Department of Chemical Engineering and Materials Science, University of Minnesota, Minneapolis, MN 55455, USA.
J Biotechnol. 2012 Dec 31;162(2-3):210-23. doi: 10.1016/j.jbiotec.2012.08.021. Epub 2012 Sep 10.
Multivariate analysis of cell culture bioprocess data has the potential of unveiling hidden process characteristics and providing new insights into factors affecting process performance. This study investigated the time-series data of 134 process parameters acquired throughout the inoculum train and the production bioreactors of 243 runs at the Genentech's Vacaville manufacturing facility. Two multivariate methods, kernel-based support vector regression (SVR) and partial least square regression (PLSR), were used to predict the final antibody concentration and the final lactate concentration. Both product titer and the final lactate level were shown to be predicted accurately when data from the early stages of the production scale were employed. Using only process data from the inoculum train, the prediction accuracy of the final process outcome was lower; the results nevertheless suggested that the history of the culture may exert significant influence on the final process outcome. The parameters contributing most significantly to the prediction accuracy were related to lactate metabolism and cell viability in both the production scale and the inoculum train. Lactate consumption, which occurred rather independently of the residual glucose and lactate concentrations, was shown to be a prominent factor in determining the final outcome of production-scale cultures. The results suggest possible opportunities to intervene in metabolism, steering it towards the type with a strong propensity towards high productivity. Such intervention could occur in the inoculum stage or in the early stage of the production-scale reactors. Overall, this study presents pattern recognition as an important process analytical technology (PAT).
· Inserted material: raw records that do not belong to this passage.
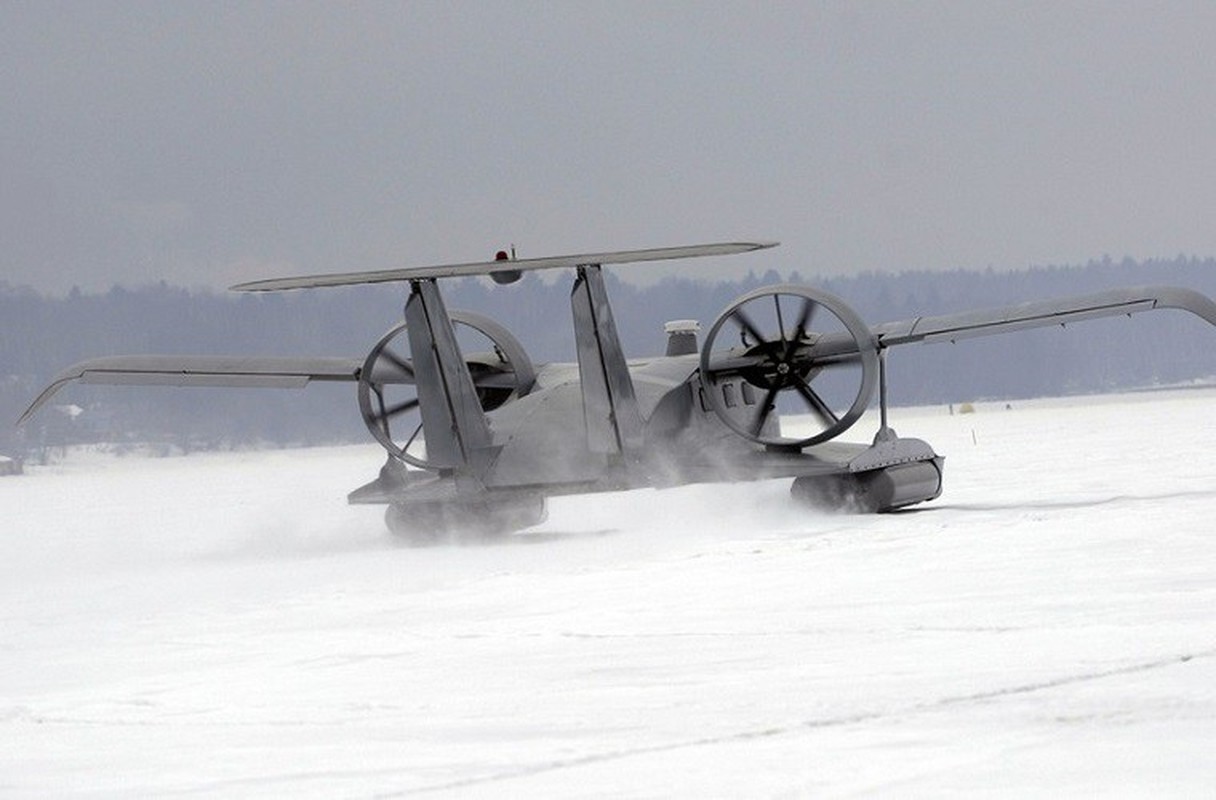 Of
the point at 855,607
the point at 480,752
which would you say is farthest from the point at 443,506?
the point at 480,752

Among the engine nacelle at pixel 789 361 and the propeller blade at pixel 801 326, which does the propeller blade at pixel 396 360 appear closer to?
the engine nacelle at pixel 789 361

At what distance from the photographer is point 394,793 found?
902 centimetres

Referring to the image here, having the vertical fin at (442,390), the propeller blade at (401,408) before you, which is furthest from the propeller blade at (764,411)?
the propeller blade at (401,408)

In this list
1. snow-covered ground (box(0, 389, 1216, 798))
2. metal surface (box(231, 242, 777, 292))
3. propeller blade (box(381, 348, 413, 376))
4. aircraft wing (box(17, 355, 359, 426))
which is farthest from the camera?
aircraft wing (box(17, 355, 359, 426))

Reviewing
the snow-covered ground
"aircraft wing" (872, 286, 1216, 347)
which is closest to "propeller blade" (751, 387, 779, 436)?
the snow-covered ground

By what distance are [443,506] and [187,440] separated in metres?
141

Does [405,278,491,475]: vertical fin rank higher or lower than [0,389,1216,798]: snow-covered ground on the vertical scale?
higher

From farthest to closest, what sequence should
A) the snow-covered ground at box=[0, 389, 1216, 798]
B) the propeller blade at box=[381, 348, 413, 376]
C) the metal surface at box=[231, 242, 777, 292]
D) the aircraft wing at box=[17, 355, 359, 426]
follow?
the aircraft wing at box=[17, 355, 359, 426] < the propeller blade at box=[381, 348, 413, 376] < the metal surface at box=[231, 242, 777, 292] < the snow-covered ground at box=[0, 389, 1216, 798]

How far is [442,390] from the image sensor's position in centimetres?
2548

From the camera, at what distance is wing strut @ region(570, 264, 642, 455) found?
2458cm

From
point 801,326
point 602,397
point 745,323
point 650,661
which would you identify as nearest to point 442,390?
point 602,397

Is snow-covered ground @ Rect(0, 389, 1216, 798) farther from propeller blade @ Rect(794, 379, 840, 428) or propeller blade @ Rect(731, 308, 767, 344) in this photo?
propeller blade @ Rect(731, 308, 767, 344)

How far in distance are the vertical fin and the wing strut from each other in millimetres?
1589

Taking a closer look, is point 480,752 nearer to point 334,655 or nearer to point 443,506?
point 334,655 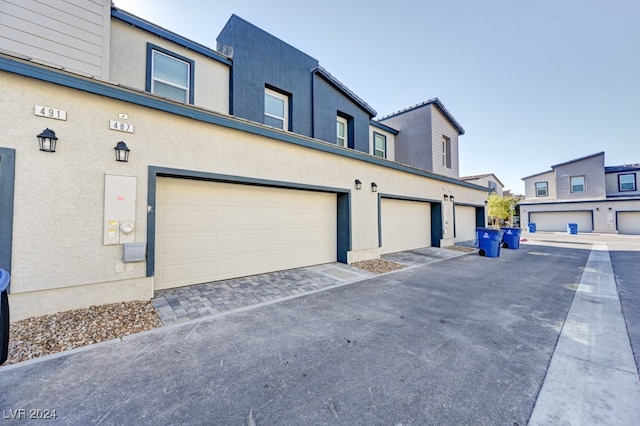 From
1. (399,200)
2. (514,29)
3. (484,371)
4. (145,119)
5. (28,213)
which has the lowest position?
Answer: (484,371)

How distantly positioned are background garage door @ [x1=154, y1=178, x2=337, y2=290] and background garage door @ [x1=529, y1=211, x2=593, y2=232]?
27185mm

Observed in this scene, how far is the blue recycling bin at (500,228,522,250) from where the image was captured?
11898 millimetres

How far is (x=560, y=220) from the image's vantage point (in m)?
23.1

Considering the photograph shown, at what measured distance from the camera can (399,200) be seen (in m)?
10.3

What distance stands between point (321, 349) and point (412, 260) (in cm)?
671

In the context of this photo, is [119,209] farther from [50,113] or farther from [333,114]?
[333,114]

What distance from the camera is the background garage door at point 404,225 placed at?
970cm

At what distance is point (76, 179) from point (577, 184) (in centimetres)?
3357

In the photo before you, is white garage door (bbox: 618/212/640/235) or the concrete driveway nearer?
the concrete driveway

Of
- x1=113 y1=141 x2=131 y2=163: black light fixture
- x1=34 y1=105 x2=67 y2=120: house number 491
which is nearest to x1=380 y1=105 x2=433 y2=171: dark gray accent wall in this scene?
x1=113 y1=141 x2=131 y2=163: black light fixture

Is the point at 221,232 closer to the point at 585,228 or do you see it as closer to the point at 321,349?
the point at 321,349

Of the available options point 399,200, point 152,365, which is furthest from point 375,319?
point 399,200

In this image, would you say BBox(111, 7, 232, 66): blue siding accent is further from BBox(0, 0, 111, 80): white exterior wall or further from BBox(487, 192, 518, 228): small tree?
BBox(487, 192, 518, 228): small tree

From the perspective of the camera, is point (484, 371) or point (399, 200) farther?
point (399, 200) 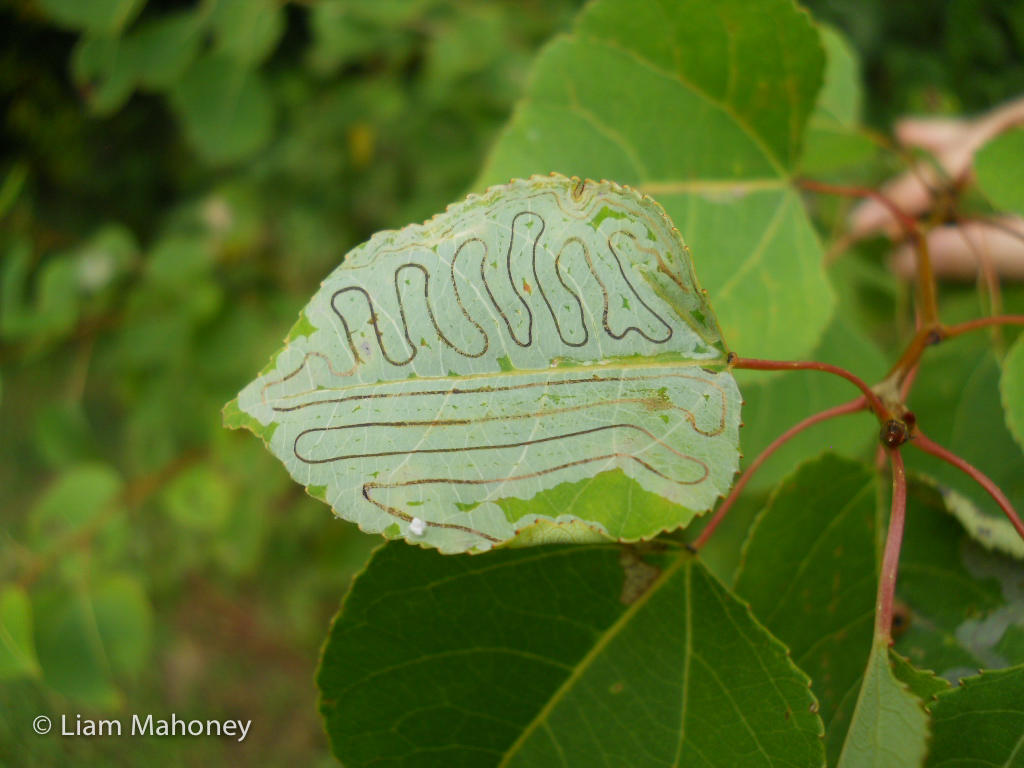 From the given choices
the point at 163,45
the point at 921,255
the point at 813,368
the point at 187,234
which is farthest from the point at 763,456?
the point at 187,234

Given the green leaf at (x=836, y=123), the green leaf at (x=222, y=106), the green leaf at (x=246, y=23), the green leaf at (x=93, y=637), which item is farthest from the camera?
the green leaf at (x=222, y=106)

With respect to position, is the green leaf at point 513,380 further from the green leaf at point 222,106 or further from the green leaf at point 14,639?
the green leaf at point 222,106

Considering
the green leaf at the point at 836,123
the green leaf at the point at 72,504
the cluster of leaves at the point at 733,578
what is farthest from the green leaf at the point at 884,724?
the green leaf at the point at 72,504

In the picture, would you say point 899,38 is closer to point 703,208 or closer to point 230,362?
point 703,208

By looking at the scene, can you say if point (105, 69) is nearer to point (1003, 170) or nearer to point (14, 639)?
point (14, 639)

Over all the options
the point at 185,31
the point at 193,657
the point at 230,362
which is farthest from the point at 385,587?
the point at 193,657

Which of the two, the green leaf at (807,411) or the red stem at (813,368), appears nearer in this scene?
the red stem at (813,368)

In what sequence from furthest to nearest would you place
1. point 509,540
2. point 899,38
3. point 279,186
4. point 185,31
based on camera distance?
point 279,186 < point 899,38 < point 185,31 < point 509,540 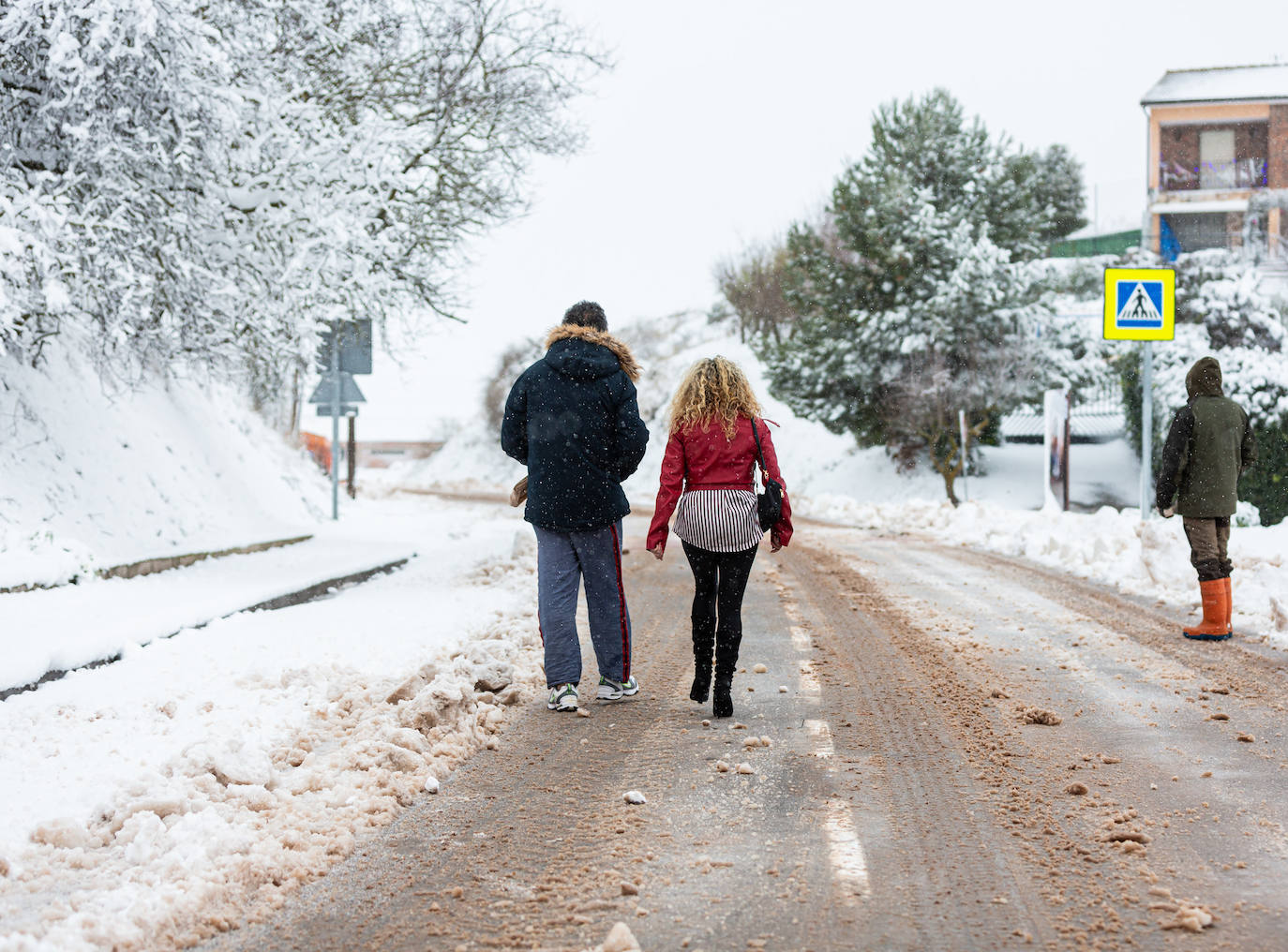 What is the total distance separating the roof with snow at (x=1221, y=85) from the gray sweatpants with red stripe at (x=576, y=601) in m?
40.5

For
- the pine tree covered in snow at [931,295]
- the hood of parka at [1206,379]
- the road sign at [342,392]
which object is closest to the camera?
the hood of parka at [1206,379]

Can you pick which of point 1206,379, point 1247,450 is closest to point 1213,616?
point 1247,450

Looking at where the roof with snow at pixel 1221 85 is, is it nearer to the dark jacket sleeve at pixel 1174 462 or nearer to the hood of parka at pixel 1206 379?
the hood of parka at pixel 1206 379

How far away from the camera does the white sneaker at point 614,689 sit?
611cm

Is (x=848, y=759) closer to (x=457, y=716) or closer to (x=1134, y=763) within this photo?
(x=1134, y=763)

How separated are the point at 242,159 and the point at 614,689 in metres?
7.25

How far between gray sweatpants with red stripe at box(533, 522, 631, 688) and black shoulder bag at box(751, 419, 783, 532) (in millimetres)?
871

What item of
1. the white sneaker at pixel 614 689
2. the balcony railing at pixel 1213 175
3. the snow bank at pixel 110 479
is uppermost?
the balcony railing at pixel 1213 175

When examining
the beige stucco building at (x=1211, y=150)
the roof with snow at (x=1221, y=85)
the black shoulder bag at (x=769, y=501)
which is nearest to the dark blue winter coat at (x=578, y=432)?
the black shoulder bag at (x=769, y=501)

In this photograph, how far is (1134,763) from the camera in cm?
474

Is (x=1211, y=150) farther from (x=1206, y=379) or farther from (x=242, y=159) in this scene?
(x=242, y=159)

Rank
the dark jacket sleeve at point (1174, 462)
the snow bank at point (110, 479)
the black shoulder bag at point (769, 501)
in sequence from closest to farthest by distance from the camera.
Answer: the black shoulder bag at point (769, 501), the dark jacket sleeve at point (1174, 462), the snow bank at point (110, 479)

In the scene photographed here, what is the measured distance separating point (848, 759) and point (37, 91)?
8.94 metres

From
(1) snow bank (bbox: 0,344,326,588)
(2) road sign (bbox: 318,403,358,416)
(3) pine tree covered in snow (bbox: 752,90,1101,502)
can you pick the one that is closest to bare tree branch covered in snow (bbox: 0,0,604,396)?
(1) snow bank (bbox: 0,344,326,588) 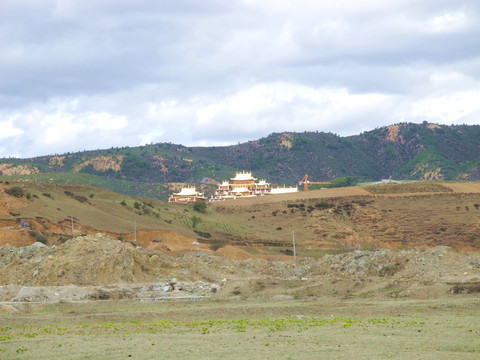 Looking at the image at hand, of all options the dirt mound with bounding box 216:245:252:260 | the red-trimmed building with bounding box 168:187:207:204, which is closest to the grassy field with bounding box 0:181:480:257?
the dirt mound with bounding box 216:245:252:260

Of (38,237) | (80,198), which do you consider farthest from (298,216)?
(38,237)

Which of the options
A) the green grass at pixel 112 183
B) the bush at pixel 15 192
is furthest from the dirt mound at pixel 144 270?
the green grass at pixel 112 183

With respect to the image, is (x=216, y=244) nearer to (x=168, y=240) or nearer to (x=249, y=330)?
(x=168, y=240)

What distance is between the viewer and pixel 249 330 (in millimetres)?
27125

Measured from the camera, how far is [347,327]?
2672 cm

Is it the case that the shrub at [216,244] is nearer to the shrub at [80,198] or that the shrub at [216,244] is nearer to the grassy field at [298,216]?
the grassy field at [298,216]

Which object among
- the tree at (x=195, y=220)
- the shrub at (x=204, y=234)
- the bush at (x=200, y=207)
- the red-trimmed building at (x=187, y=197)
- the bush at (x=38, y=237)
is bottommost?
the shrub at (x=204, y=234)

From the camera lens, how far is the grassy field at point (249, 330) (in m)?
21.6

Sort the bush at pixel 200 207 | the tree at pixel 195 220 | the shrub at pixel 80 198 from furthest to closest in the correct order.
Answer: the bush at pixel 200 207, the tree at pixel 195 220, the shrub at pixel 80 198

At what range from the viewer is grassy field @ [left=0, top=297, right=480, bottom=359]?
21.6 m

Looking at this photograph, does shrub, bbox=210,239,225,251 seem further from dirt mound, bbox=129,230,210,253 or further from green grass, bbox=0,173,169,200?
green grass, bbox=0,173,169,200

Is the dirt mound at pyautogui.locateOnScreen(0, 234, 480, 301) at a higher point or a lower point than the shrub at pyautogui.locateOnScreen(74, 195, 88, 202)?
lower

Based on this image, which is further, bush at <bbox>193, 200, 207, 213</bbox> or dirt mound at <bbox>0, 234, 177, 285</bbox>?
bush at <bbox>193, 200, 207, 213</bbox>

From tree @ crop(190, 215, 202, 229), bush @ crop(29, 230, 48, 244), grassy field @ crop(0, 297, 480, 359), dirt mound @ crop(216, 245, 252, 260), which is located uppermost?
bush @ crop(29, 230, 48, 244) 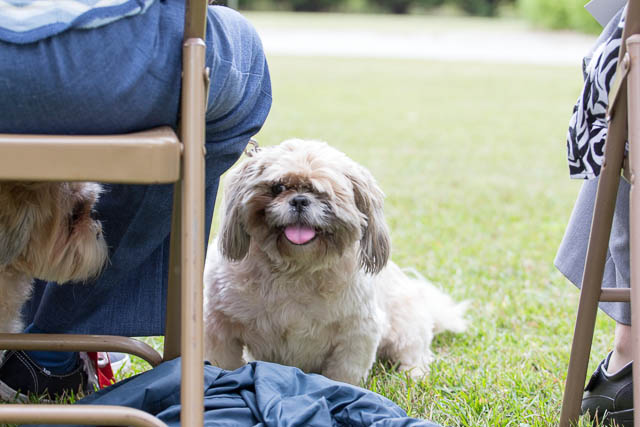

Furthermore, the high correlation between lactate consumption and high productivity can provide a guide to apply quality by design (QbD) principles to enhance process robustness.
对细胞培养生物工艺数据进行多元分析具有揭示隐藏工艺特性和提供影响工艺性能因素新见解的潜力。本研究调查了在 Genentech 的 Vacaville 制造工厂的 243 个生产罐中,在接种物培养和生产罐中获得的 134 个过程参数的时间序列数据。两种多元方法,基于核的支持向量回归(SVR)和偏最小二乘回归(PLSR),用于预测最终抗体浓度和最终乳酸浓度。当使用生产规模早期的数据时,产品滴度和最终乳酸水平都被证明可以准确预测。当仅使用接种物培养的数据时,最终工艺结果的预测精度较低;但结果表明,培养物的历史可能对最终工艺结果产生重大影响。对预测精度贡献最大的参数与生产规模和接种物培养物中的乳酸代谢和细胞活力有关。乳酸消耗与残余葡萄糖和乳酸浓度的关系相对独立,它被证明是决定生产规模培养物最终结果的一个重要因素。结果表明,有可能在代谢方面进行干预,使其朝着具有高生产力倾向的类型发展。这种干预可以发生在接种物阶段或生产规模反应器的早期阶段。总的来说,本研究提出了模式识别作为一种重要的过程分析技术(PAT)。此外,乳酸消耗与高生产力之间的高度相关性可以为应用质量源于设计(QbD)原则提供指导,以增强工艺稳健性。